KCC Glass, the only publicly announced key management company by the National Pension Service, is expected to soon escape the special management constraints of major investors. The National Pension Service has publicly raised concerns about the appropriateness of this company's executive compensation, but at this year's shareholders' meeting, it changed its stance to vote in favor, unlike in previous years. The establishment of an independent compensation committee by KCC Glass is interpreted as responding effectively to the requirements of the National Pension Service.

Traffic lights are visible in front of the Seoul Seodaemun National Pension Service Seoul Northern Regional Headquarters. / Courtesy of News1

On the 20th, the National Pension Service's Fiduciary Responsibility Committee (Fiduciary Committee) held its 5th meeting to deliberate on the voting directions for agenda items at the shareholders' meeting of nine companies in which the National Pension Service is a major shareholder. Among them, the National Pension Service decided to cast a favorable vote for all agenda items regarding KCC Glass. This also included the matter of approving the limit on director compensation.

It is reported that not all nine commissioners of the Fiduciary Committee were positive about the agenda on the limit of director compensation for KCC Glass. Nevertheless, in the voting among the commissioners, supportive opinions constituted the majority. As of the end of 2024, the National Pension Service holds 6.87% equity in KCC Glass.

This decision has drawn attention because the National Pension Service designated KCC Glass as a publicly managed key management company last April due to concerns about the appropriateness of executive compensation limits at this company. At that time, the National Pension Service stated that 'the reasons for selecting it as a publicly managed key management company have not been resolved, despite conducting non-public conversations in 2023.'

When the National Pension Service determines that there are issues with the dividend policy, compensation limits for executives, corporate value, or shareholder rights of the invested corporations, it initially communicates with the respective corporation privately for up to one year. If there is no improvement, it transitions to a non-public key management company for an additional year of dialogue. If issues remain unresolved, it changes to a publicly managed key management company and subsequently raises pressure through shareholder activities such as shareholder proposals.

The National Pension Service voted against the agenda for approval of the limit on director compensation at the KCC Glass regular shareholders' meeting for three consecutive years from 2022 to 2024. As focused management continued, KCC Glass began to respond to the demands of the National Pension Service. A typical example is the establishment of a compensation committee led by three outside directors last July, which took charge of evaluating the performance and compensation policy of internal directors. A KCC Glass official noted, 'We actively engaged in dialogue with the National Pension Service.'

Given that the National Pension Service has changed its position, there is a growing likelihood that KCC Glass will soon be removed from the list of publicly managed key management companies. The National Pension Service stated, 'If there are changes in the status of publicly managed key management companies, we will disclose them according to regulations,' while being reserved in their comments.
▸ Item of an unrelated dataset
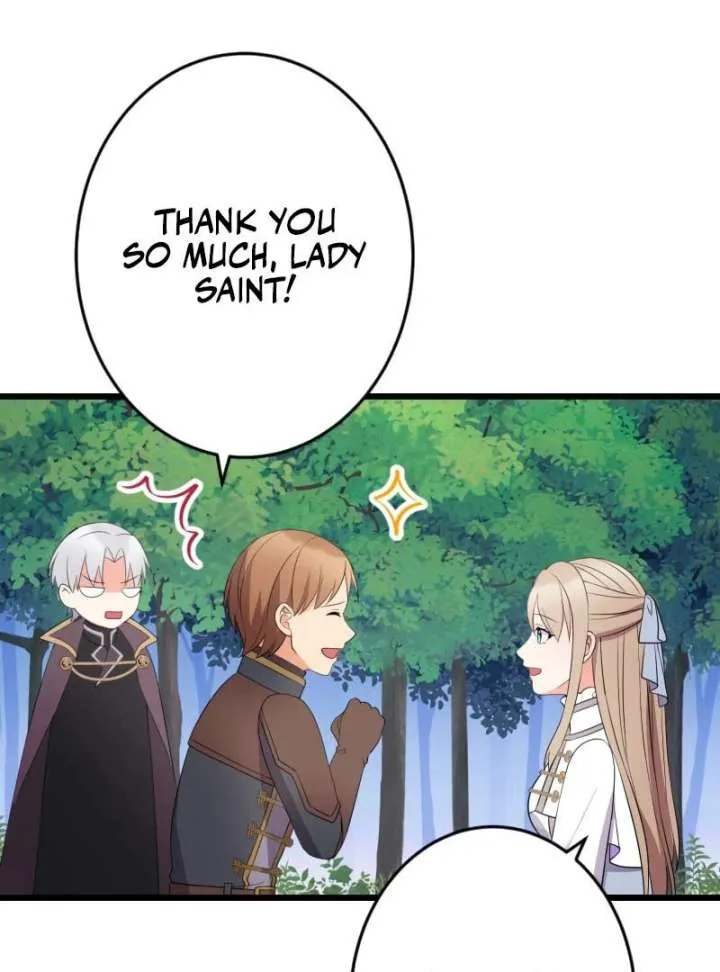 I May Be a Failed Saint, but the Marquess Who Hates Saints Can’t Seem to Stop Doting on Me Chapter 22 Online - página 114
An overview of KCC Glass headquarters in Jamwon-dong, Seoul. / Courtesy of KCC Glass

However, the fact that 86% of the total compensation paid to the five registered executives of KCC Glass last year was concentrated in Chairman Jung Mong-ik, and that despite a significant decrease in operating profit, the bonuses received by Chairman Jung actually increased, will continue to be a topic of controversy. Last year, the proxy advisory firm, The Good Corporate Governance Research Institute, pointed out KCC Glass's 'excessive compensation payments to majority shareholders.'

In 2024, KCC Glass paid a total of 4.187 billion won in compensation to its five directors. A total of 192 million won was paid to three outside directors, while 3.995 billion won was allocated to two internal directors. Among the internal directors, Chairman Jung Mong-ik received 3.586 billion won, and CEO Byeon Jong-oh received 409 million won. KCC Glass reported an operating profit of 57.974 billion won last year, a decrease of 39% compared to the previous year. The bonus received by Chairman Jung increased from 205 million won in 2023 to 216 million won in 2024.